# What is the point of intersection of the lines 3x + 2y = 16 and 6x + 4y = 24?

*print*Print*list*Cite

### 2 Answers

The point of intersection of the lines 3x + 2y = 16 and 6x + 4y = 24 has to be determined.

Looking at the two equations it can be seen that the slope of the line 3x + 2y = 16 is -3/2 and the slope of the line 6x + 4y = 24 is also -6/4 = -3/2. As the two line are parallel to each other they do not intersect each other.

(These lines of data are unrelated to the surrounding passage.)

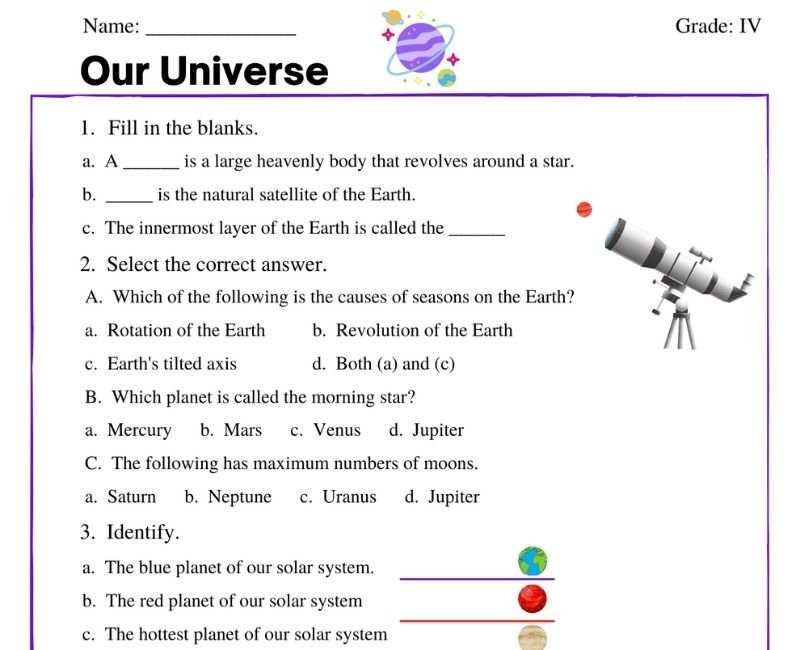 galaxy worksheet
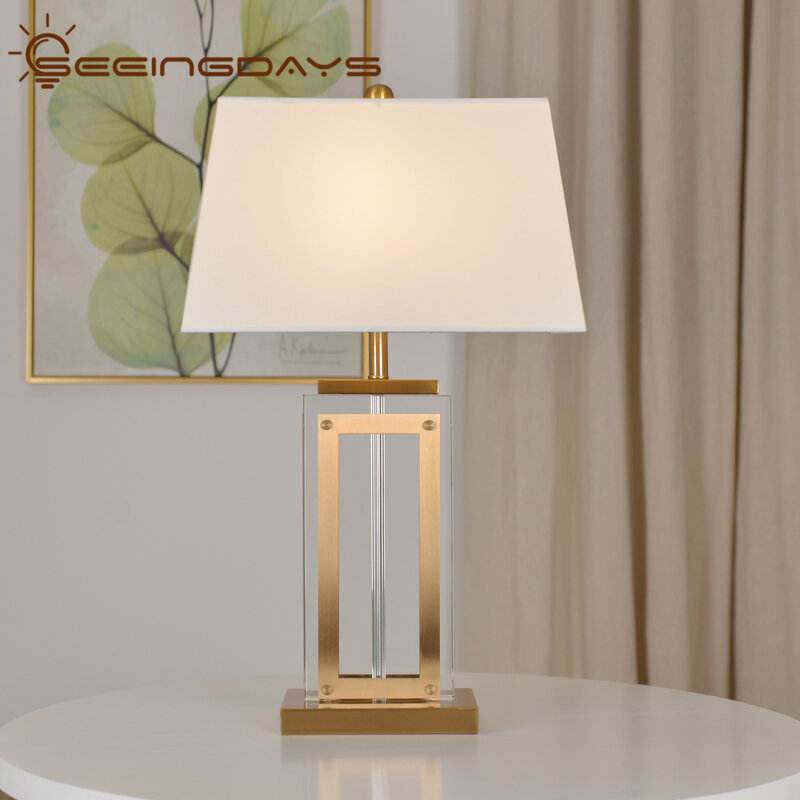 Postmodernistyczne nowy chiński styl prosta kryształowa lampa stołowa Fashion Square lampka nocna do sypialni luksusowy salon Home Decor 220v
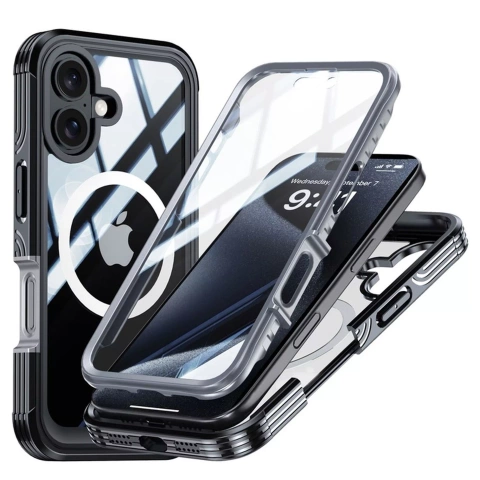 Etui ochronne na telefon do Apple iPhone 16 Alogy Shield360 MagCase™️ do MagSafe obudowa z ochroną wyświetlacza i aparatu Czarne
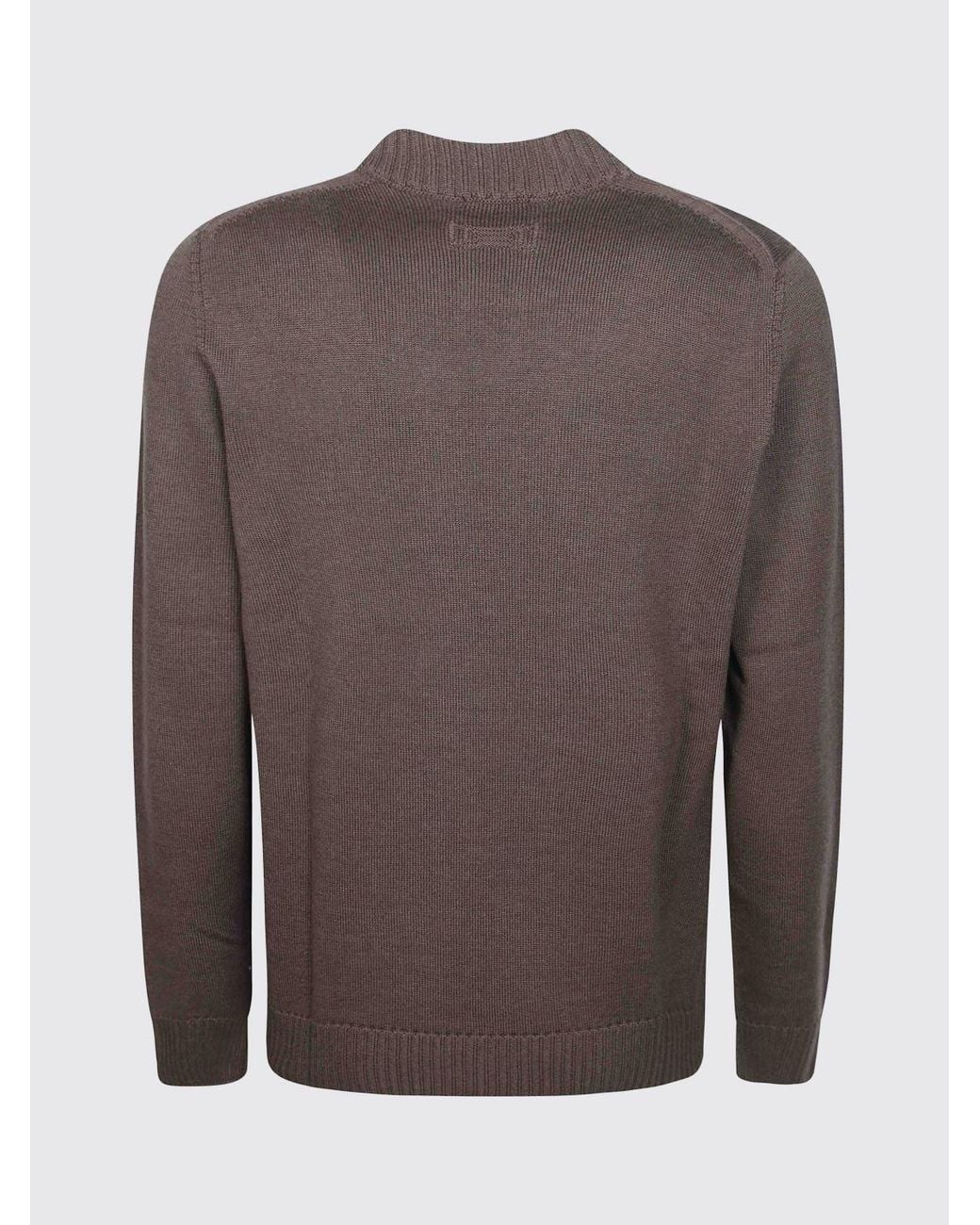 Drumohr Brown Pure Merino Wool Crewneck Jumper With Long Sleeves for men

**The two lines 3x + 2y = 16 and 6x + 4y = 24 do not intersect each other.**

3x+2y=16

It is indeed true that the two lines do not intersect due to them having the same slope and not being the same line. If they are not the same line and have the same slope, that means that they are parallel to each other. To be able to come to this conclusion, one must find the slope. To find the slope in this problem, convert the equation to slope-intercept form, which is y=mx+b, where m=slope and b=y-intercept.

`3x+2y=16`

`=> 2y=-3x+16`

`=> y=-3/2 x+8`

Therefore, the slope for this line is -3/2. The same method can be applied on the other line equation and we would see that the slope of that line is also -3/2; thus, they are parallel lines since they don't have the same y-intercept to indicate them being the same lines.